For China, hacking may be all about Sun Tzu and World War III

There are many other actors in the global cyberwar, from nation states to criminal organizations to hacktivist groups. Today, however, we're going to just focus on China vs. the U.S. It's a war both undeclared and unwinnable, but very, very real.
Written by David Gewirtz, Senior Contributing Editor

The People's Republic of China. The United States of America.

There are many other actors in the global cyberwar, from nation states to criminal organizations to hacktivist groups. Today, however, we're going to just focus on China vs. the U.S. It's a war both undeclared and unwinnable, but very, very real.

This weekend, we saw yet another report about China hacking American systems. This time, the Chinese attackers apparently managed to breach our weapon systems designs.

As our own Charlie Osborne reports, "Over two dozen weapon system designs were compromised...These systems are 'critical' to U.S. missile defenses, and also relate to military systems present on U.S. aircraft and ships."

I've talked at length about China. See a list of recent articles about China's troublesome behavior at the end of this article.

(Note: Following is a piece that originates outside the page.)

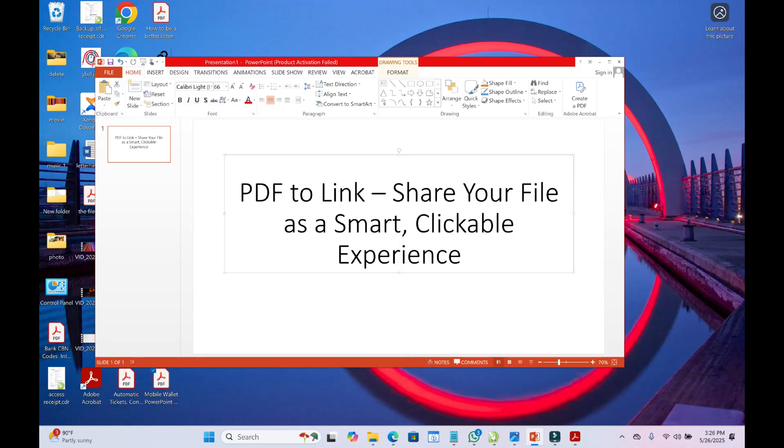Hello everyone. In this video today, I will show you how to convert a PDF to a link.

Back in 2010, I asked, Is China gearing up to start World War III?

As I've had more time to study the behavior of the PRC, I've come to believe that China isn't necessarily gearing up to start World War III, but they are planning for how they might win it, should our two nations find ourselves in a shooting war.

Applying Sun Tzu's lessons

Sun Tzu was a Chinese military strategist thought to have lived around 500 years before the modern era, and widely credited with authoring one of the foundational texts on warfare, The Art of War.

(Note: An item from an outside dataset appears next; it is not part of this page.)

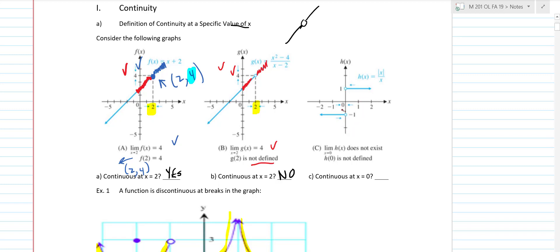Same thing here — we're looking at x equals 0. Yeah, we would have to lift our pencil, draw a bubble, like that. So what happens on this one is the limit does not exist, and anytime the limit does not exist, you have to be discontinuous. And again, you're not defined, so you cannot be continuous.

There are many translations of Sun Tzu's wisdom, but for today's exploration, I'll use the MIT Internet Classics Archive version. Let's look at a few of the general's sayings, and then think about how they might apply to our current situation.

Sun Tzu said, "Though the enemy be stronger in numbers, we may prevent him from fighting. Scheme so as to discover his plans and the likelihood of their success." This is ideally applicable to cyberwarfare. China has conducted an ongoing, unrelenting campaign to penetrate our systems, both military and industrial. If that's not "Scheme so as to discover his plans," I don't know what is.

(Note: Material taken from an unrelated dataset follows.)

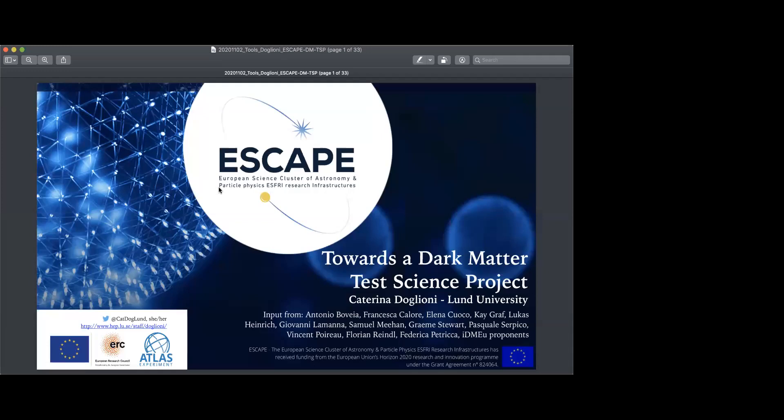I'm not talking about ESCAPE itself — there are much more qualified people, maybe even in the room, to talk about that. But I will give a brief introduction. What I'm talking about is the integration of a test science case, a test science project regarding dark matter, into ESCAPE.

Sun Tzu said, "Rouse him, and learn the principle of his activity or inactivity. Force him to reveal himself, so as to find out his vulnerable spots." China's constant penetration attempts certainly show a pattern of behavior, particularly in helping them not to only identify our cybersecurity weaknesses, but once inside, the weaknesses of the systems our cybersecurity is tasked to defend.

Sun Tzu said, "Carefully compare the opposing army with your own, so that you may know where strength is superabundant and where it is deficient." This is another variation of the previous discussion. Sun Tzu strongly recommends understanding the strengths and weaknesses of the enemy, and China's espionage attempts in the cyber realm are undoubtedly giving them a better view into our strengths and weaknesses than any of our generals would like.

Sun Tzu said, "What enables the wise sovereign and the good general to strike and conquer, and achieve things beyond the reach of ordinary men, is foreknowledge. Now this foreknowledge cannot be elicited from spirits; it cannot be obtained inductively from experience, nor by any deductive calculation. Knowledge of the enemy's dispositions can only be obtained from other men. Hence the use of spies."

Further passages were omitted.